Na repercussão destes atentados à revista francesa Charlie Hebdo, mais uma vez é a miséria do pensamento humano que se sobressai – aquela pior parte da personalidade de Brás Cubas, sintetizada num emplastro sem função.

É lamentável ver uma tradição julgando outra, uma visão reduzida de mundo criticando outra minúscula forma de perceber outrem, o Ocidente punindo o Oriente (e vice-versa).
Os dias são perigosos porque muitos só enxergam dois caminhos ásperos: o do sim violento e o do não violento. Mesmo na defesa da liberdade, vão às últimas consequências no caminho da censura. E as diferenças, comuns a todos, afastam-nos ainda mais. Uma lição que a humanidade, ao que parece, ainda não está disposta a aprender.

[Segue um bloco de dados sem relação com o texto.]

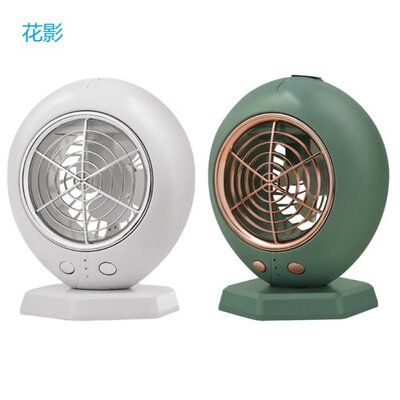 Personal Evaporative Air Cooler, Portable Cooling Fan Quiet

O que se compra com esse ódio incontido, essa raiva fora de hora, esse tumor de expiação pessoal é tão somente um elogio à tristeza. Não há lugar para a felicidade em corações que não compreendem este segredinho universal chamado existência. Se desrepeitamos o princípio mais universal que o próprio universo, de que adiantarão as conquistas, o poder e a glória? Os descrentes não vivem: encenam para nunca mais.

Uns culpam a religião, mas não a compreendem como o que ela realmente tem de ser: a ligação com o desconhecido ancestral, o que dá sentido às coisas sem sentido, a possibilidade de um encontro com a própria espécie na preservação e no entendimento, nunca na sua aniquilação.

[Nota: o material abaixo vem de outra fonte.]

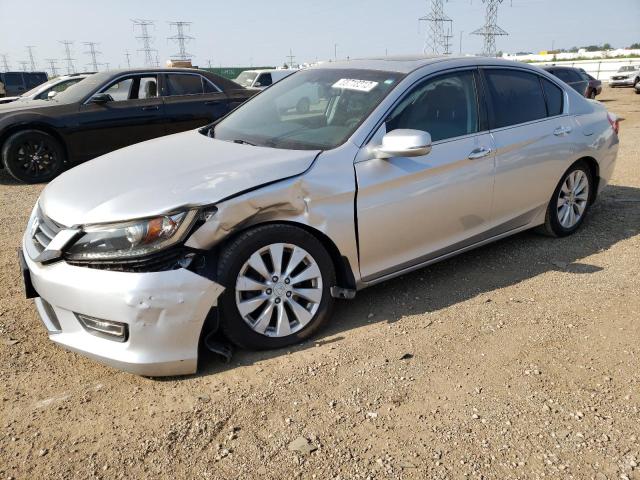 Photo 0 VIN: 1HGCR2F87DA276723 - HONDA ACCORD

Muitos dos grandes gênios da arte foram religiosos, e isto está impregnado em suas obras que, não por acaso, falam de temas que ultrapassam o discurso “oficial” das religiões. Quem vai além no pensamento pode mudar o mundo. Quem vai além na ignorância carrega armas e invade a redação de uma revista. O que sai ferida não é a liberdade de expressão, mas tão somente a liberdade não segmentada. Afinal, esta é a bandeira-mor de uma utopia que se quer concreta, de um sonho que tem de assumir o aspecto de realidade.

Cada ato de ignorância que se transforma em evento global não é um recado daqueles que já perderam desde o momento em que puxaram o gatilho. Pelo contrário, é como uma balada triste que canta as possibilidades de um mundo sem fronteiras, cada vez mais disponível para unir lados opostos. Os muitos passos no caminho da unificação internacional não podem ruir com ameaças e atos impensados. O medo existe, mas não deve ser um agente regulador.

Apesar de parecer uma notória contradição, a divergência é o único caminho para o consenso. Fora disso, há guerras sem vencedores, há histórias inacabadas e há miséria no corpo e na mente.

> Crônica publicada no Jornal Notícias do Dia em 15/01/2015.